* INSTRUCTIONS FOR THE TASK:
Every line below between the one holding "Δεν κατέθεσε ποτέ" and the one holding "1/700 Scale HMS Centaur in Gray PA12", inclusive, should be copied exactly, and no other line.

***** LISTED ENTRIES *****

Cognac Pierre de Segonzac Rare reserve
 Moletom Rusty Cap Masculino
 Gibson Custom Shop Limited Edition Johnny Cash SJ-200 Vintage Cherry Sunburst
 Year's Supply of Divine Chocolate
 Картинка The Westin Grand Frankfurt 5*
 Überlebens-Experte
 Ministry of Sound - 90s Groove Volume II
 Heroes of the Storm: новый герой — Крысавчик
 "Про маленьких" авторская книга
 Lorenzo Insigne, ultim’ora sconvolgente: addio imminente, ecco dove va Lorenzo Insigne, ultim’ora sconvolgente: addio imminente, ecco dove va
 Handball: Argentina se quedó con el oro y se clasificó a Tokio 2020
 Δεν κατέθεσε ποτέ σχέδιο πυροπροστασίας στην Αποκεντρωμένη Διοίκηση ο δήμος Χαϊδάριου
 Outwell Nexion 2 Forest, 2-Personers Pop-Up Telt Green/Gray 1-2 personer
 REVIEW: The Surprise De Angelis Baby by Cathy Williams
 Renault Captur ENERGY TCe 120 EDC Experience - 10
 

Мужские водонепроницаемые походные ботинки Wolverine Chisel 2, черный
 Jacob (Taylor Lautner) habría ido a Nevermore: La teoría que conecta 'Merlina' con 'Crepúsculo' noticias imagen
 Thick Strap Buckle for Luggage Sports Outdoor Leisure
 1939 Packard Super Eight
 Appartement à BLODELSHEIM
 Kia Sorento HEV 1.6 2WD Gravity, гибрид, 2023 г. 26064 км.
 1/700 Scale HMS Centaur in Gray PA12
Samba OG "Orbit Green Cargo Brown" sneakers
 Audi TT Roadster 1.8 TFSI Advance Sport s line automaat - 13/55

*****

* TASK SOLUTION:
 Δεν κατέθεσε ποτέ σχέδιο πυροπροστασίας στην Αποκεντρωμένη Διοίκηση ο δήμος Χαϊδάριου
 Outwell Nexion 2 Forest, 2-Personers Pop-Up Telt Green/Gray 1-2 personer
 REVIEW: The Surprise De Angelis Baby by Cathy Williams
 Renault Captur ENERGY TCe 120 EDC Experience - 10
 

Мужские водонепроницаемые походные ботинки Wolverine Chisel 2, черный
 Jacob (Taylor Lautner) habría ido a Nevermore: La teoría que conecta 'Merlina' con 'Crepúsculo' noticias imagen
 Thick Strap Buckle for Luggage Sports Outdoor Leisure
 1939 Packard Super Eight
 Appartement à BLODELSHEIM
 Kia Sorento HEV 1.6 2WD Gravity, гибрид, 2023 г. 26064 км.
 1/700 Scale HMS Centaur in Gray PA12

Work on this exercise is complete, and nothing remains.